Wezenpensioen op risicobasis bij overlijden Deelnemer

5. Er bestaat uitsluitend recht op wezenpensioen bij overlijden tijdens deelnemerschap of zolang er recht bestaat op premievrije opbouw gedurende arbeidsongeschiktheid.

6. Het wezenpensioen is gelijk aan 20% van het in lid 4 van dit artikel bepaalde

partnerpensioen, met dien verstande dat het wezenpensioen wordt verdubbeld wanneer beide ouders van het Kind zijn overleden.

7. Het wezenpensioen gaat in op de eerste dag van de maand van het overlijden van de Deelnemer.

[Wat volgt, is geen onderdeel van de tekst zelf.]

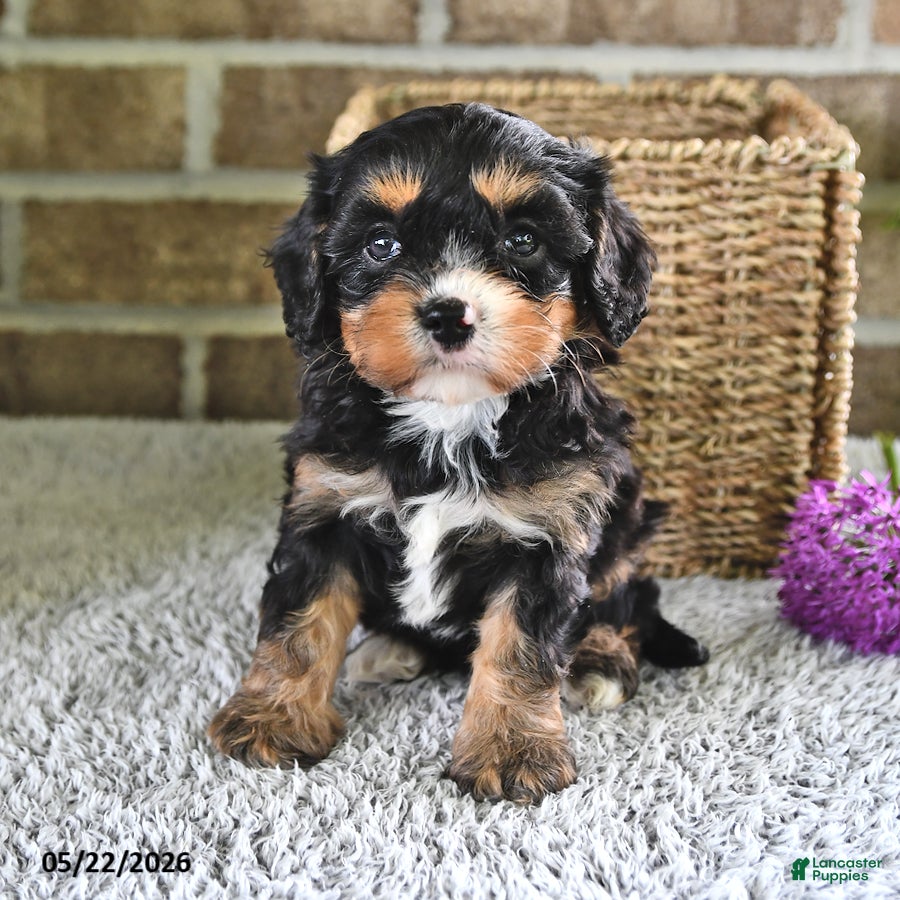 Cavachon dogs Betty   - Ad 1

Het wordt uitgekeerd tot de eerste dag van de maand volgend op het bereiken van de 21-jarige leeftijd van het Kind, doch uiterlijk tot de eerste dag van de maand volgend op de dag van overlijden van de uitkeringsgerechtigde.

Voor het Kind dat:

 een voltijdse opleidingvolgt in de zin van de Wet op de Studiefinanciering 2000 danwel aan de 18+ bepalingen in de “Wet Tegemoetkoming onderwijsbijdrage en schoolkosten” voldoet, of een daarmee naar het oordeel van het Bestuur gelijk te stellen situatie; of

 arbeidsongeschikt is in de zin van de Wet arbeidsongeschiktheidsvoorziening jonggehandicapten,

wordt de uitkering van het wezenpensioen na de eerste dag van de maand volgende op het bereiken van de 21-jarige leeftijd voortgezet, indien en zolang aan (één van) de

bovenvermelde voorwaarden wordt voldaan, doch uiterlijk tot de eerste dag van de maand volgend op het bereiken van de 27-jarige leeftijd van het Kind of indien eerder, tot de eerste dag van de maand volgend op het overlijden van het Kind.

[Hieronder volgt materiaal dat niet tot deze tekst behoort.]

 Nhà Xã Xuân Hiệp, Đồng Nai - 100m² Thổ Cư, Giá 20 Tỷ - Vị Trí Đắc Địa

Het recht op wezenpensioen herleeft, indien na een onderbreking, de studie wordt hervat en wederom wordt voldaan aan voorwaarden vermeld in dit lid.

Partner- en wezenpensioen bij overlijden Gewezen Deelnemer

8. Bij overlijden van de Gewezen Deelnemer wordt het (resterende) beschikbare Pensioenkapitaal op de Beleggingsrekeningen aangewend voor de inkoop van het Partnerpensioen voor zover dat op grond van geldende wetgeving mogelijk is. De maximale hoogte van het Partnerpensioen voor de Gewezen Partner is gelijk aan het Partnerpensioen voor de Partner in geval een Deelnemer overlijdt, zoals bedoeld in lid 6.

De maximale hoogte van het jaarlijks levenslang Partnerpensioen wordt conform lid 6 als volgt bepaald:

aantal deelnemersjaren x laatst vastgestelde Pensioengrondslag x (1,225% x het aantal jaren tot 2015 + 1,099% x het aantal jaren vanaf 2015) x gemiddeld Parttimefactor.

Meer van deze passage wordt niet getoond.